§ **What you need to do**
Print the data that follows word for word, leaving out any picture.

§ **Dataset extract**
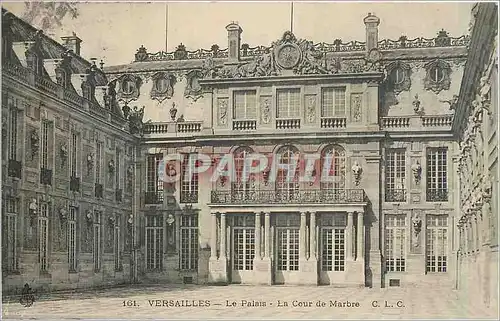 Ansichtskarte AK Versailles Le Palais La Cour de Marbre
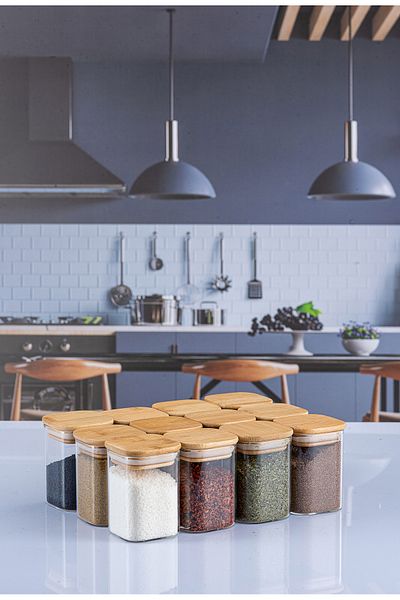 Lizzy Luxury Series Jar with 12 200ml Square Form Friday Coverage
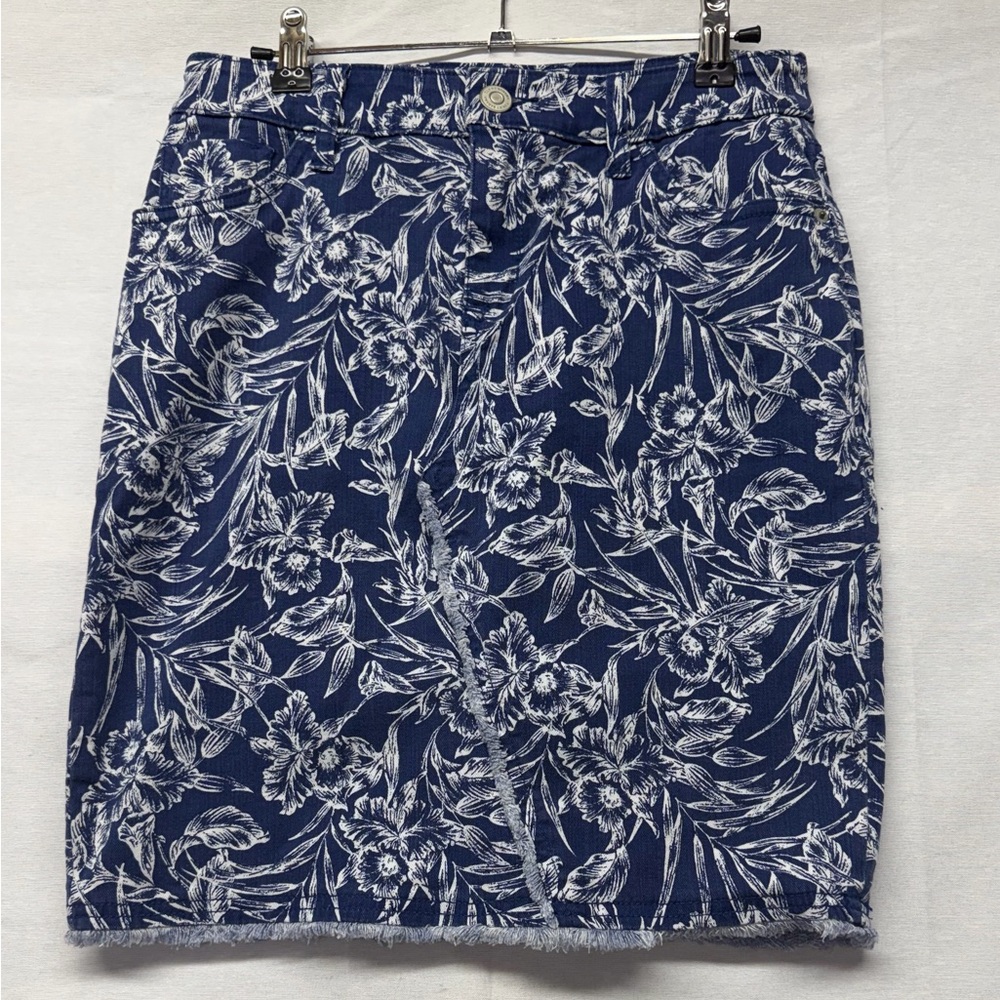 Tommy Bahama Navy Denim Floral Pencil Skirt small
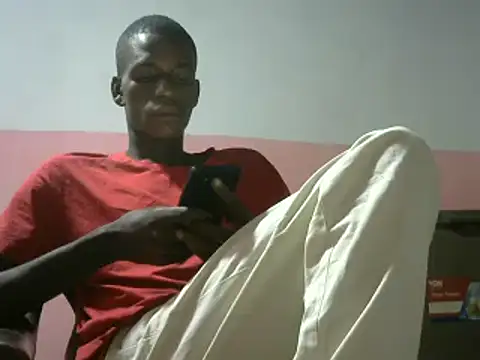 Snapshot of Bigras0011 chatting on January 2025 02:03:02 AM Bigras0011 online show from January 2025 02:03:02 AM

§ **Answer to the exercise**
 Ansichtskarte AK Versailles Le Palais La Cour de Marbre
 Lizzy Luxury Series Jar with 12 200ml Square Form Friday Coverage
 Tommy Bahama Navy Denim Floral Pencil Skirt small
 Snapshot of Bigras0011 chatting on January 2025 02:03:02 AM Bigras0011 online show from January 2025 02:03:02 AM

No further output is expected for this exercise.